Tuttavia alla metà del XIX secolo qualcosa cambia, complice il momento critico del 1848 e le contrapposizioni sempre più dure che ne seguono. L’argomento montagna/alpinismo esce dalla stampa cattolica (giudicato troppo mondano dalle gerarchie) e prende piede in quella laica e borghese, portando in dote quei valori “elevati” dei quali il laicismo aveva bisogno per legittimarsi come alternativa alla tradizione religiosa. Un’occasione perduta per il mondo cattolico, non fosse che sacerdoti originali, o almeno non del tutto allineati, come Georges Carrel e Amé Gorret poterono autorevolmente inserirsi proprio in quei contesti laici, anzi, laicisti con i loro talenti di alpinisti e di scrittori. Erano certamente degli enfants du pays, ma erano anche fior d’intellettuali, capaci di dialogare alla pari con borghesi e aristocratici, ed ebbero un ruolo di primo piano nelle nascenti istituzioni alpinistiche, che pure erano essenzialmente formate da cittadini. E se andava sempre più aumentando il divario sociale tra classi superiori e ceti popolari, questi preti poterono svolgere ancora un ruolo di mediazione e di legame. Lo fecero davvero “ognuno a modo suo”, e furono modi decisamente peculiari.
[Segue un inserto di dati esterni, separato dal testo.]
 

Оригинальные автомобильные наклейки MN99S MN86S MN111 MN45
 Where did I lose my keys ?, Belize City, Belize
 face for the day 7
Pierre Chanoux (1828-1909) venne nominato rettore dell’Ospizio del Piccolo San Bernardo nel 1859 e ci restò per cinquant’anni, fino alla morte. Era un incarico che si adattava bene al suo temperamento e alla sua passione per la montagna, che lo condusse a compiere ogni anno (dal ’48 all’88) qualche incursione alpinistica in tutta la Valle d’Aosta. Affermò:

«Figlio della montagna, sono stato lieto di essere nominato Rettore di questo Ospizio, mi sono alpinizzato come un camoscio e divenni, per così dire, un alpinista perpetuo, cioè vivente sulla cima delle Alpi a 2200 metri e seppellito nella neve nove mesi all’anno, e libero di salire, arrampicare e raggiungere le cime più o meno elevate delle Alpi occidentali».
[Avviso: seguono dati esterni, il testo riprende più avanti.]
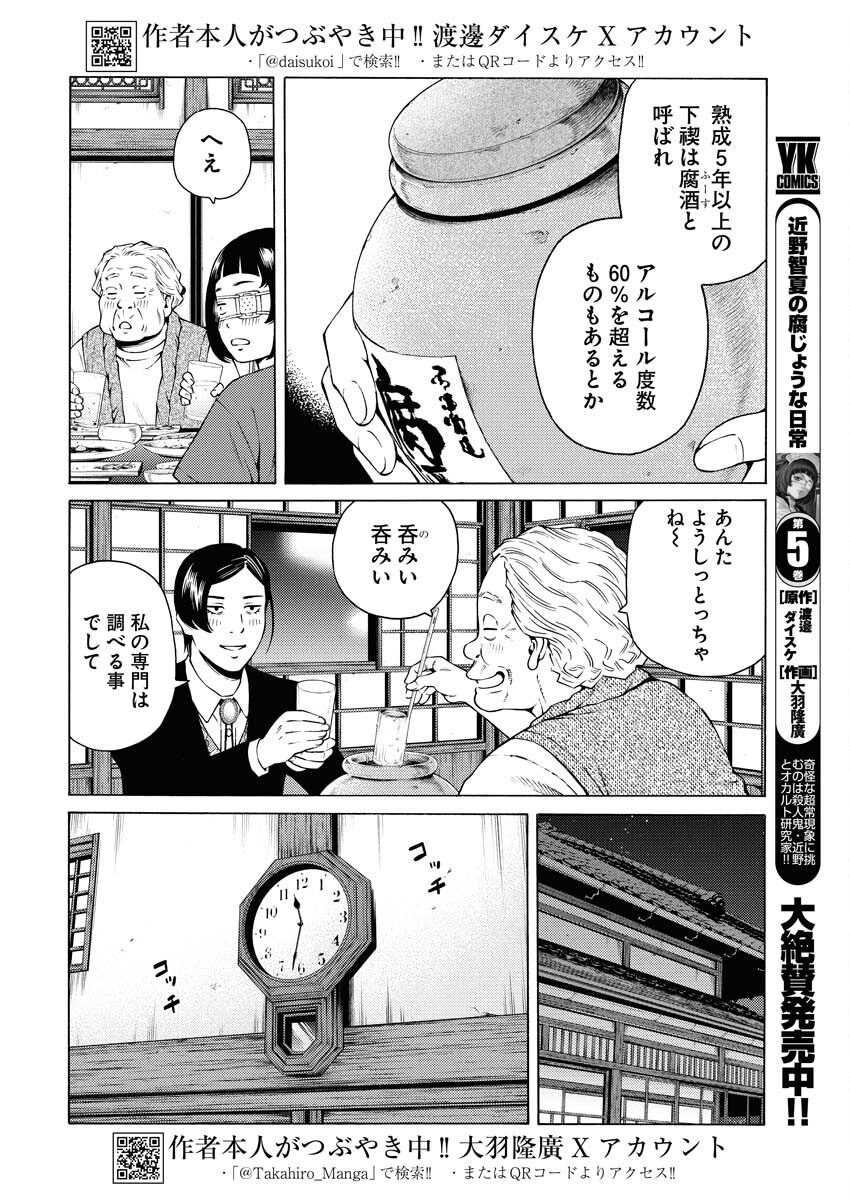 Konno Chika no Fujou na Nichijou Chapter 43 2ページ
Con la sua passione di botanico si mostrò erede della tradizione scientifica settecentesca, e la concretizzò realizzando dapprima un osservatorio meteorologico all’Ospizio e poi creando un giardino botanico poco distante. Amico dell’abbé Henry, altro grande prete alpinista, gli raccontò le sue “prime” nella zona del Rutor: Doravidi, Miravidi, Grisana [?],Vedettes, Grand Assaly, Têtes du Rutor, Becca du Lac. Molte salite, negli anni 1854-55, le condivise con Mons. Duc, futuro vescovo di Aosta. Con la virtù dell’accoglienza sviluppata come rettore dell’Ospizio, fu veramente un uomo di mediazione e di dialogo. Passati gli anni di più forte contrapposizione tra Chiesa e Stato liberale, a un congresso valdostano del 1899 poté dire:

«Non potete essere dei buoni cattolici senza essere dei buoni patrioti».

E ancora:

«L’azione cattolica deve avere come scopo principale riportare alla Chiesa i liberali, gli indifferenti e i miscredenti di ogni colore […]. Per questo bisogna uscire dalla sagrestia e mettersi in contatto con la gente del mondo, specialmente con la borghesia liberale».
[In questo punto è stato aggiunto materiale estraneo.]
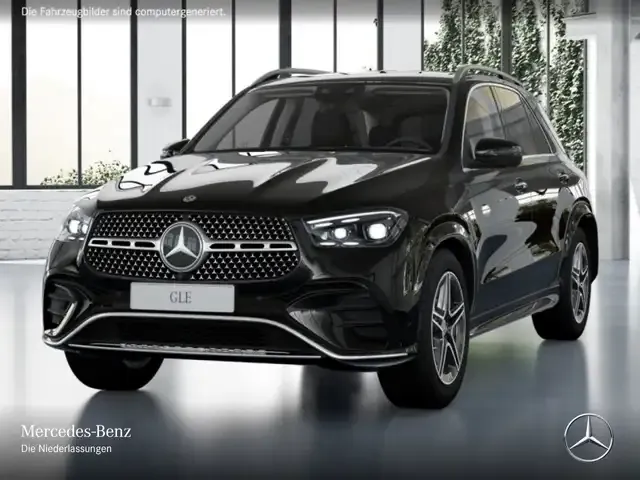 Mercedes-Benz GLE 450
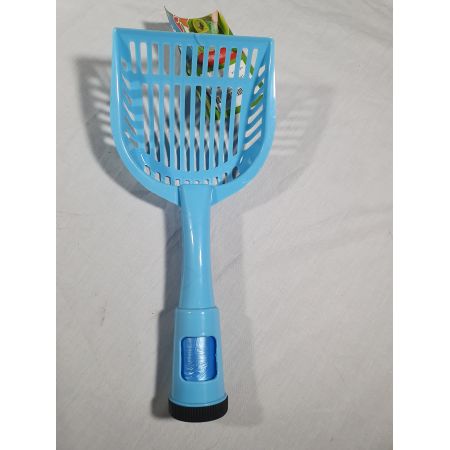 PELLE A  LITIERE + 20 SACHET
Sacerdote di profonda spiritualità, contemplativo ed eremita per missione, seppe comunque vedere le ricadute di sviluppo che potevano venire dall’alpinismo e dal turismo. Si diceva “istintivamente alpinista” e se dell’alpinismo non fu un grande, è solo perché in quegli anni l’andar pei monti fece un decisivo salto di qualità: ormai le vette che rimanevano da conquistare richiedevano una preparazione e una dedizione sostanzialmente professionale.

Joseph-Marie Henry (1870-1947), meglio noto come l'abbé Henry, fu pastore d'anime e uomo di cultura, appassionato d'alpinismo, di botanica e di storia. Collaborò con l'abbé Chanoux per creare il giardino Chanousia al Piccolo San Bernardo, ne realizzò uno nella sua Courmayeur, celebrò per primo la messa sulla vetta del Monte Bianco (1893), salì un enorme numero di vette, dando nome ad alcune, promosse l'alpinismo di massa portando fin quasi in vetta al Gran Paradiso un asino, che chiamò Cagliostro (1931). Fu presidente della Société de la flore valdôtaine (1901-1941), scrisse la più diffusa opera divulgativa di storia valdostana (1929): L'Histoire populaire religieuse et civile de la Vallée d'Aoste.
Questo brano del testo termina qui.